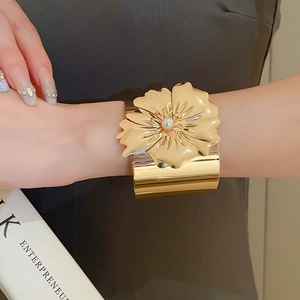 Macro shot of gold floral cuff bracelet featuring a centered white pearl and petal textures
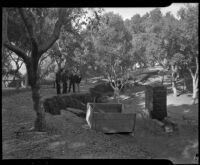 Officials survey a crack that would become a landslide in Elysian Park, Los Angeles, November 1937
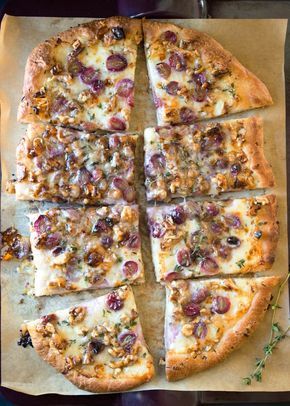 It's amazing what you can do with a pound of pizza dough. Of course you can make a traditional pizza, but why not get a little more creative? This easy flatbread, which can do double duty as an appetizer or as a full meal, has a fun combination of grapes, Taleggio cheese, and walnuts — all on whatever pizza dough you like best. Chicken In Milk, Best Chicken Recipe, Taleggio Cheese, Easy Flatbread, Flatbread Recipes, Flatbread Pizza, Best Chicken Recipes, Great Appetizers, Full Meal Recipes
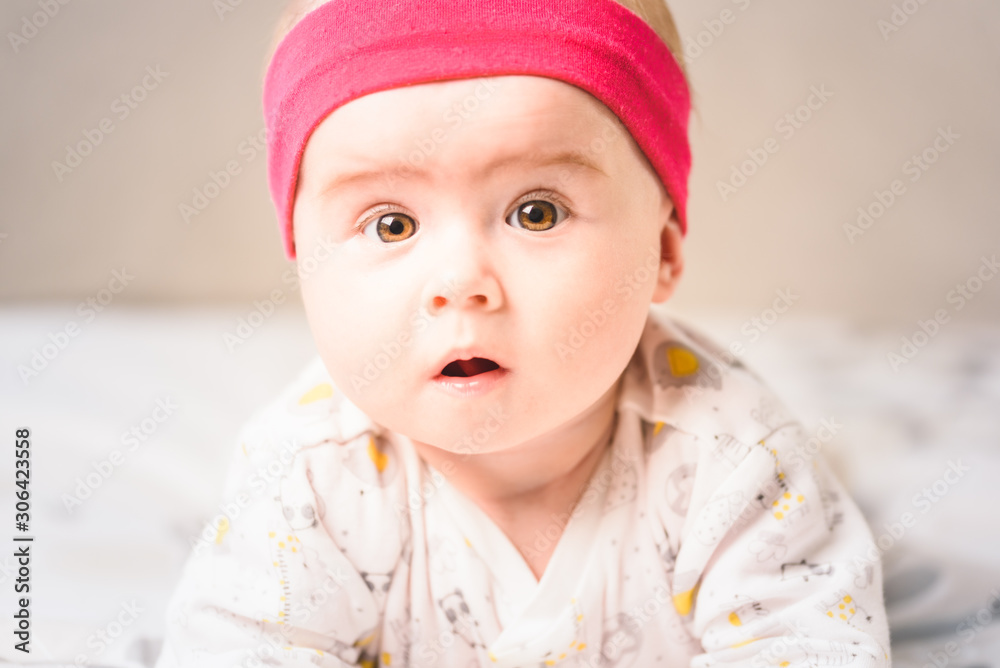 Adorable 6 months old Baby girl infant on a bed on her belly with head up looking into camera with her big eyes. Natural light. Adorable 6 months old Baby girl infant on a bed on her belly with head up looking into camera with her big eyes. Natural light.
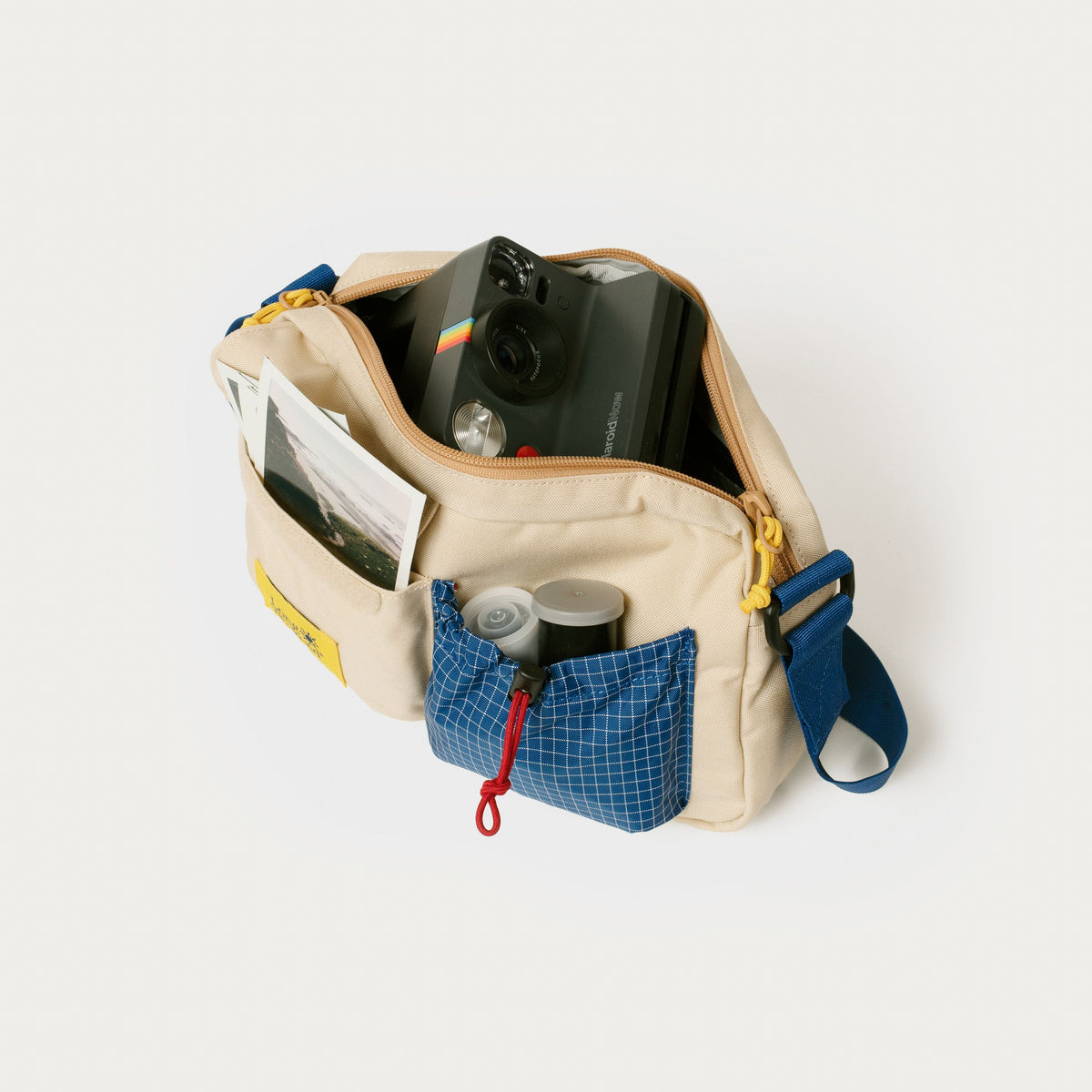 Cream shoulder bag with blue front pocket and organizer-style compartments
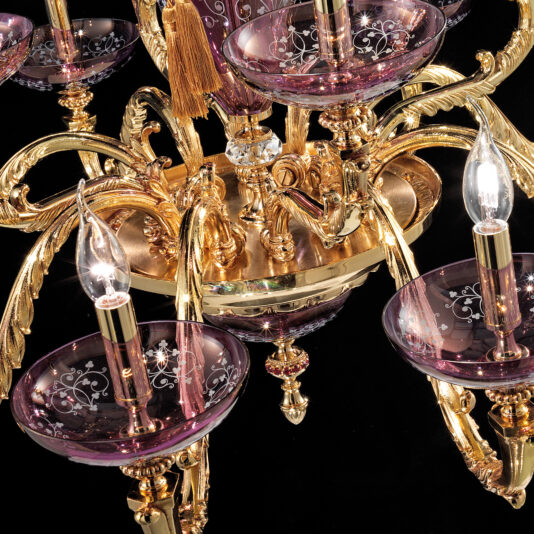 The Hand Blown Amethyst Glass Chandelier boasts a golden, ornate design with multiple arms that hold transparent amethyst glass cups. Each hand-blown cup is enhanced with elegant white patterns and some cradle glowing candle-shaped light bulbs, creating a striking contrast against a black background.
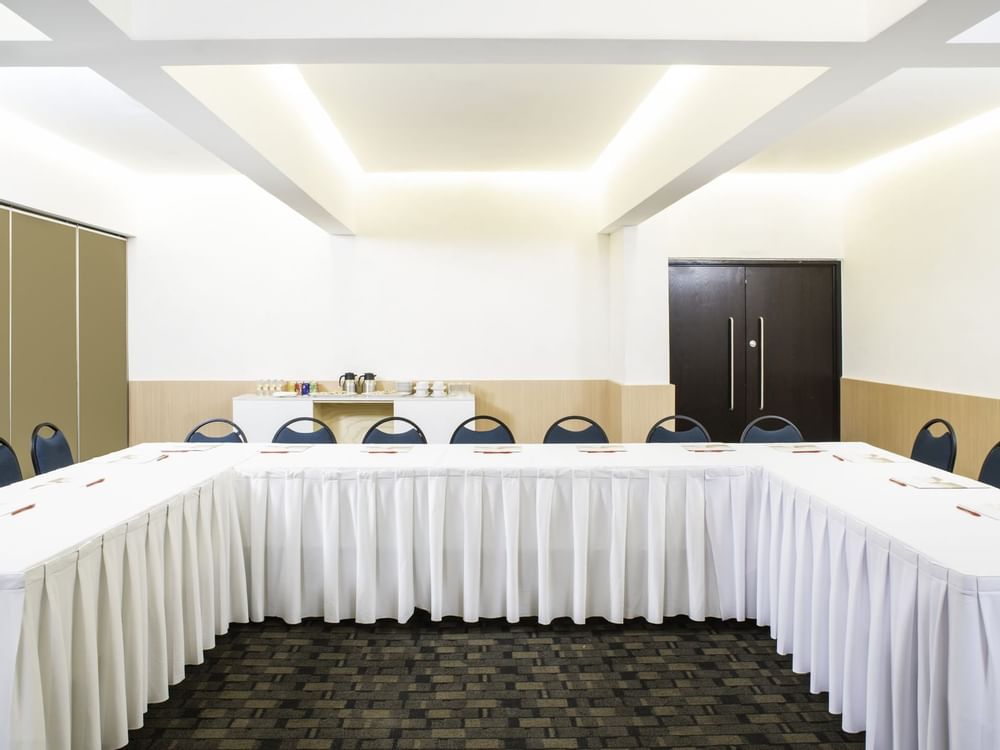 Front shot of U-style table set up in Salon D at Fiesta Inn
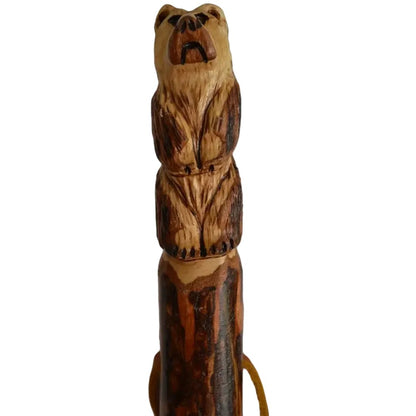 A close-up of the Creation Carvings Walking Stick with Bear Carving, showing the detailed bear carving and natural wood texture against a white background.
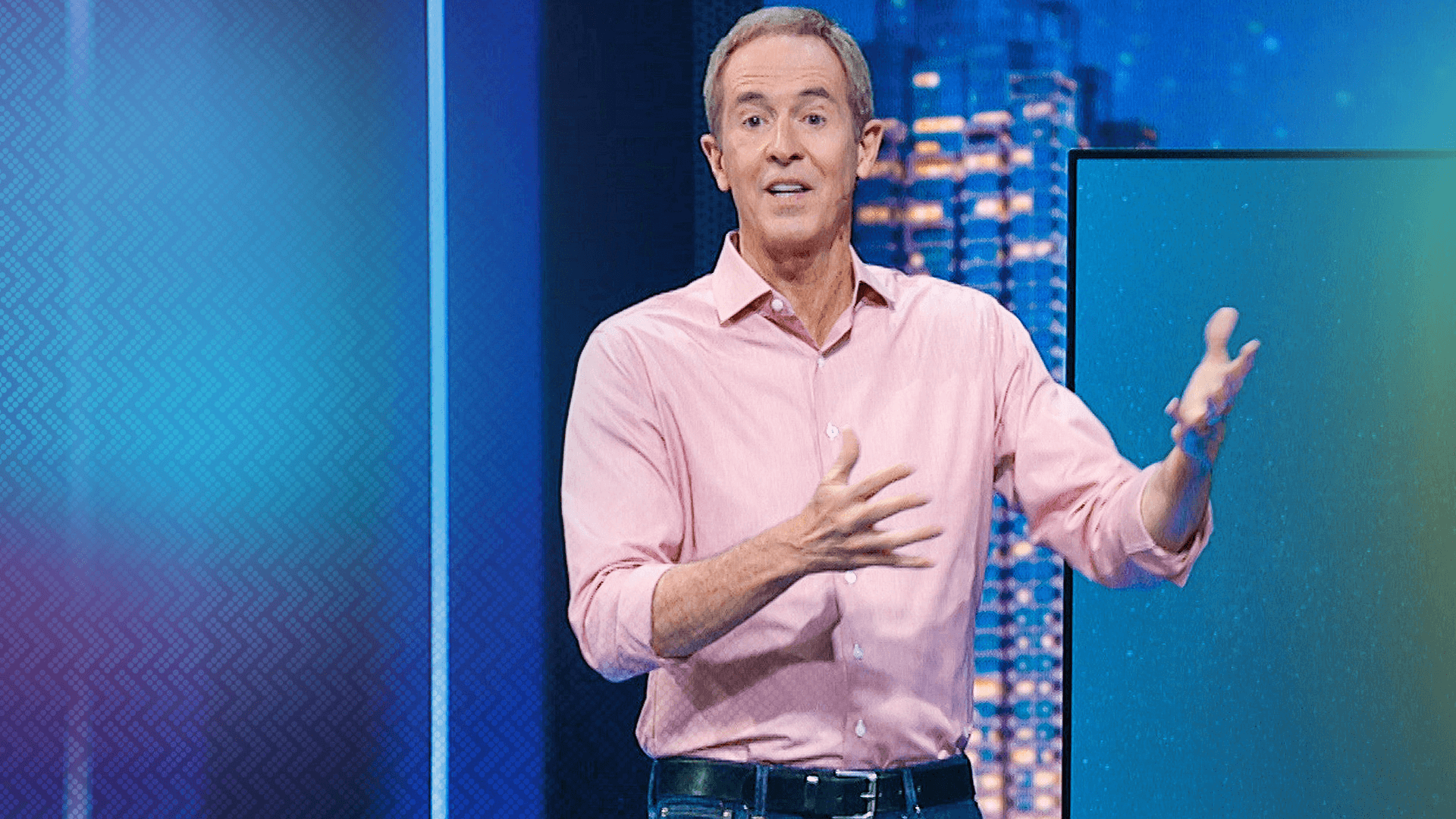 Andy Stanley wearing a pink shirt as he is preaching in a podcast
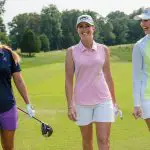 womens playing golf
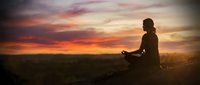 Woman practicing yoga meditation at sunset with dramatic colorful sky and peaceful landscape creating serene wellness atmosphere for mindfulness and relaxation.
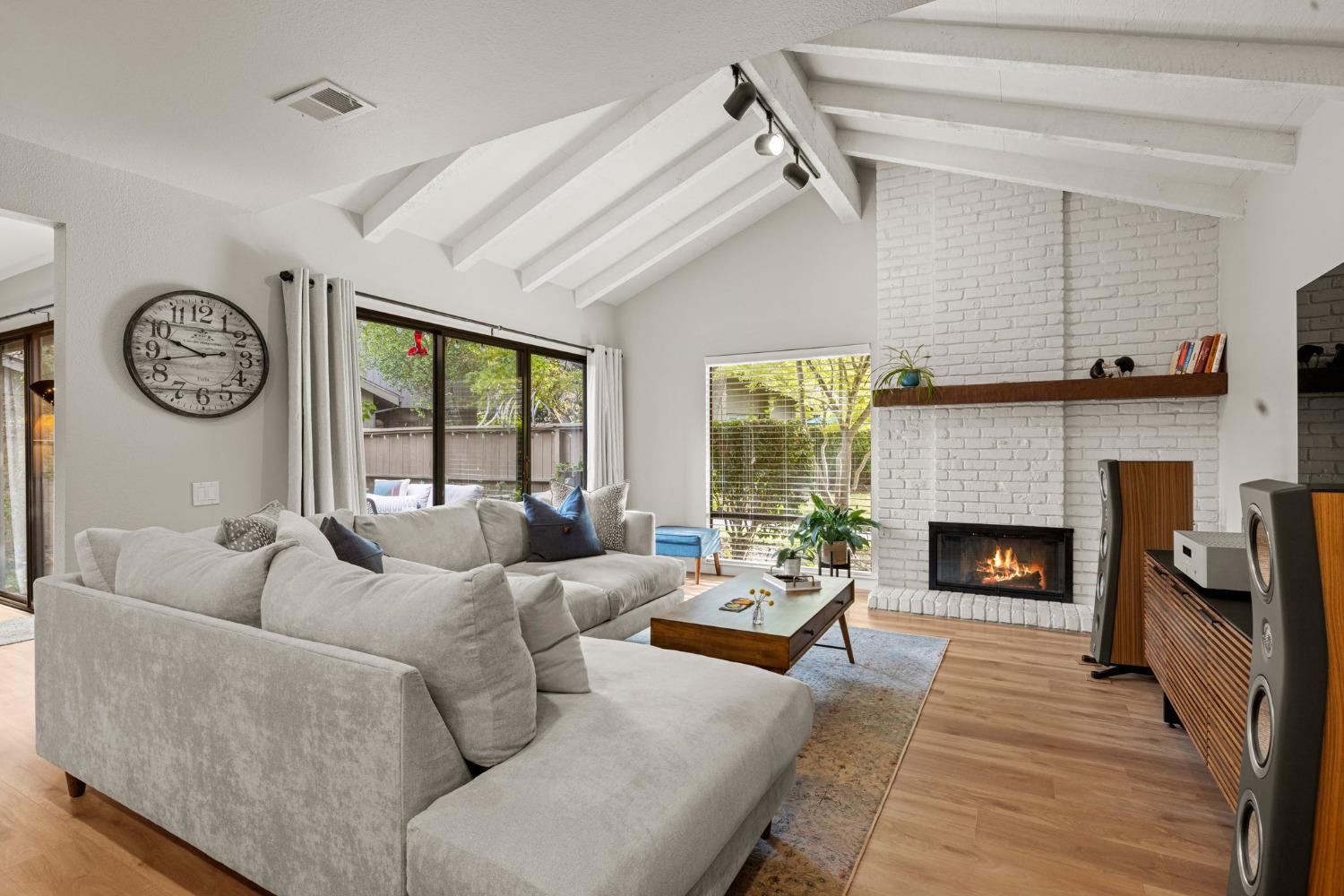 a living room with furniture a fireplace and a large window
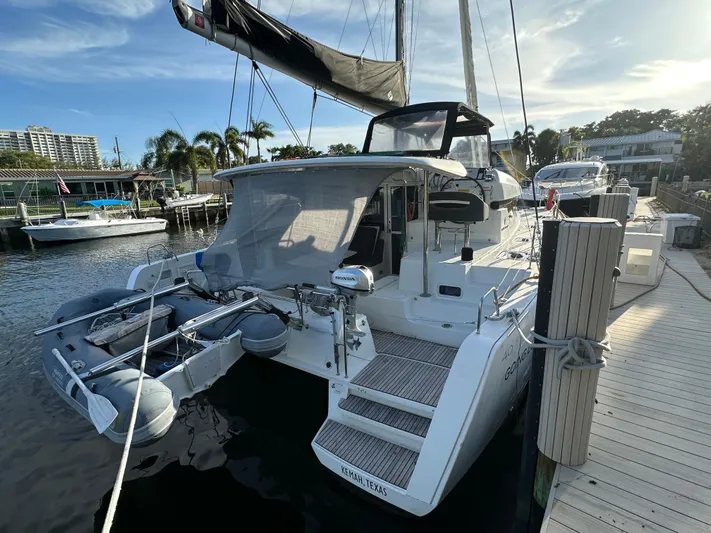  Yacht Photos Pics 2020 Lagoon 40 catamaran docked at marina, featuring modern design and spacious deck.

+++++

What is required: Return the listing above word for word, with the pictures removed.

Result of this task:
 Macro shot of gold floral cuff bracelet featuring a centered white pearl and petal textures
 Officials survey a crack that would become a landslide in Elysian Park, Los Angeles, November 1937
 It's amazing what you can do with a pound of pizza dough. Of course you can make a traditional pizza, but why not get a little more creative? This easy flatbread, which can do double duty as an appetizer or as a full meal, has a fun combination of grapes, Taleggio cheese, and walnuts — all on whatever pizza dough you like best. Chicken In Milk, Best Chicken Recipe, Taleggio Cheese, Easy Flatbread, Flatbread Recipes, Flatbread Pizza, Best Chicken Recipes, Great Appetizers, Full Meal Recipes
 Adorable 6 months old Baby girl infant on a bed on her belly with head up looking into camera with her big eyes. Natural light. Adorable 6 months old Baby girl infant on a bed on her belly with head up looking into camera with her big eyes. Natural light.
 Cream shoulder bag with blue front pocket and organizer-style compartments
 The Hand Blown Amethyst Glass Chandelier boasts a golden, ornate design with multiple arms that hold transparent amethyst glass cups. Each hand-blown cup is enhanced with elegant white patterns and some cradle glowing candle-shaped light bulbs, creating a striking contrast against a black background.
 Front shot of U-style table set up in Salon D at Fiesta Inn
 A close-up of the Creation Carvings Walking Stick with Bear Carving, showing the detailed bear carving and natural wood texture against a white background.
 Andy Stanley wearing a pink shirt as he is preaching in a podcast
 womens playing golf
 Woman practicing yoga meditation at sunset with dramatic colorful sky and peaceful landscape creating serene wellness atmosphere for mindfulness and relaxation.
 a living room with furniture a fireplace and a large window
  Yacht Photos Pics 2020 Lagoon 40 catamaran docked at marina, featuring modern design and spacious deck.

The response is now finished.